Bridenstine changed his tune on Thursday. “I also know that we human beings are contributing to it in a major way,” he added.
Bridenstine pointed to NASA’s new budget as proof that earth science research would not be hindered and added that the agency needed to make sure it was using science “void and free” of political influence by following guidelines set by the National Academy of Sciences, a nonpartisan group of scientists. Precisely how that will play out has yet to be seen. President Trump’s head of the Environmental Protection Agency has used similar types of rhetoric to try to slash the amount of science that the agency can use in its decision-making.
NASA employees also asked their new administrator about diversity and discrimination within the agency, prompted by previous comments in defense of “traditional marriage.”

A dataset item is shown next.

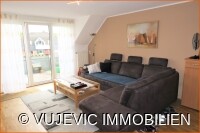 Wohnzimmer mit Balkonzugang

Other questions addressed the agency’s programs and research. In particular, a staffer asked about the WFIRST telescope. That project is meant to be NASA’s next major scientific instrument, but Trump’s 2019 budget request cut all funding for it. Congress reinstated it, and Bridenstine said he is 90 percent confident the telescope will be built.
Another staffer asked if he would reconsider the risk levels considered acceptable during human spaceflight. Some people think NASA has become too cautious, nixing projects that might put astronauts at risk.
Bridenstine’s response focused more on the goal under consideration, rather than the means used to achieve it. “If we lose a single astronaut, the entire world stops,” he said. “If we are going to be putting even a single human at risk we have to be doing something that is monumental.”
As examples of projects that qualified, he pointed to the agency’s efforts to return to the moon and reach Mars. “We’re doing both,” he said, “and we’re doing them at the same time.”